重大犯罪の賠償金 全額支払われたのは7.3%

犯罪をおかしたら、加害者には懲役や罰金などの「刑罰」が課せられます。
しかし、被害者が経済的な補償を求めるためには、民事裁判などで「損害賠償」を求める必要があります。国が法律によって刑罰を科す「刑事事件」と、私人間の利害調整をする「民事事件」は明確に分けられているのです。
(通常の民事裁判だけでなく、刑事裁判を担当した裁判所が、引き続き損害賠償請求の審理を行う「損害賠償命令制度」という仕組みもあります)
しかし、民事裁判の判決で損害賠償請求が認められたにもかかわらず、被害者に対してお金が支払われないケースが少なくありません。加害者が「お金がない」などの理由で、支払い義務を果たさず、逃げてしまうのです。
2018年に行われたアンケート調査によると、殺人などの重大犯罪の賠償金回収率(裁判などで認められた賠償額のうち実際に被害者に支払われた金額)の平均は、殺人事件で13.3%、傷害致死で16%、強盗殺人にいたってはわずか1.2%でした。支払いが1円もなかったという回答も半数に上ります。全額支払われたという回答は、たった7.3%でした。

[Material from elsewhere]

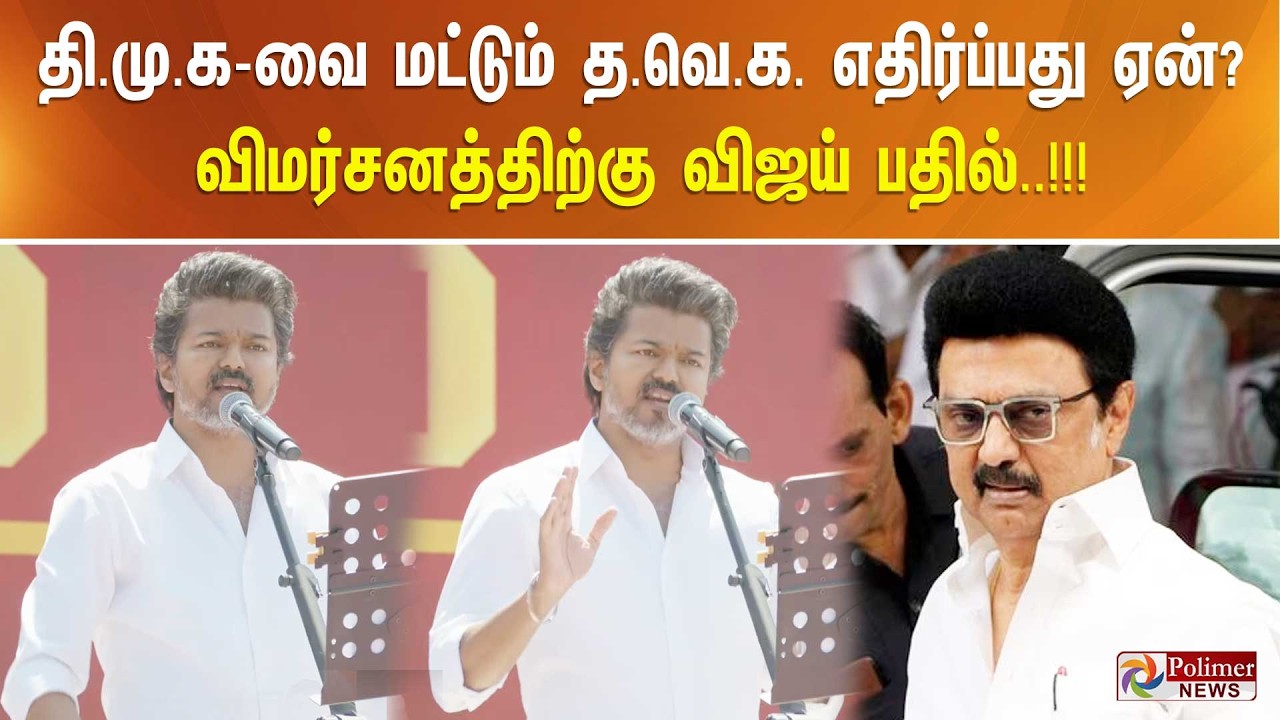 தி.மு.க-வை மட்டும் த.வெ.க. எதிர்ப்பது ஏன்? விமர்சனத்திற்கு விஜய் பதில்..!!! TVK Vijay Salem Meeting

賠償金の回収を妨げている要因の一つが、損害賠償の債権者にとって「債務者の財産を見つけるのが困難」であること。
損害賠償請求の際には、捜査権限を持つ警察のような組織が介入するわけではありません。また、裁判所に「強制執行」を申し立てたとしても、差し押さえるべき財産は債権者自ら探し出さなければなりません。
こうした状況を踏まえ、2019年5月に「民事執行法」の改正法が可決されました。これにより、債務者以外の第三者から財産の情報を取得する手続きが設けられたり、債務者が財産開示の手続きに協力しない場合の罰則を強化するなどの改善がなされています。
それでも、そもそも債務者が本当に財産を持っていない場合、債権者(犯罪被害者)が泣き寝入りせざるを得ない状況は変わっていません。犯罪被害者に対して国が給付金を支給する犯罪被害者等給付金という制度もあるものの、見舞金的な性格のため給付額はごくわずかです。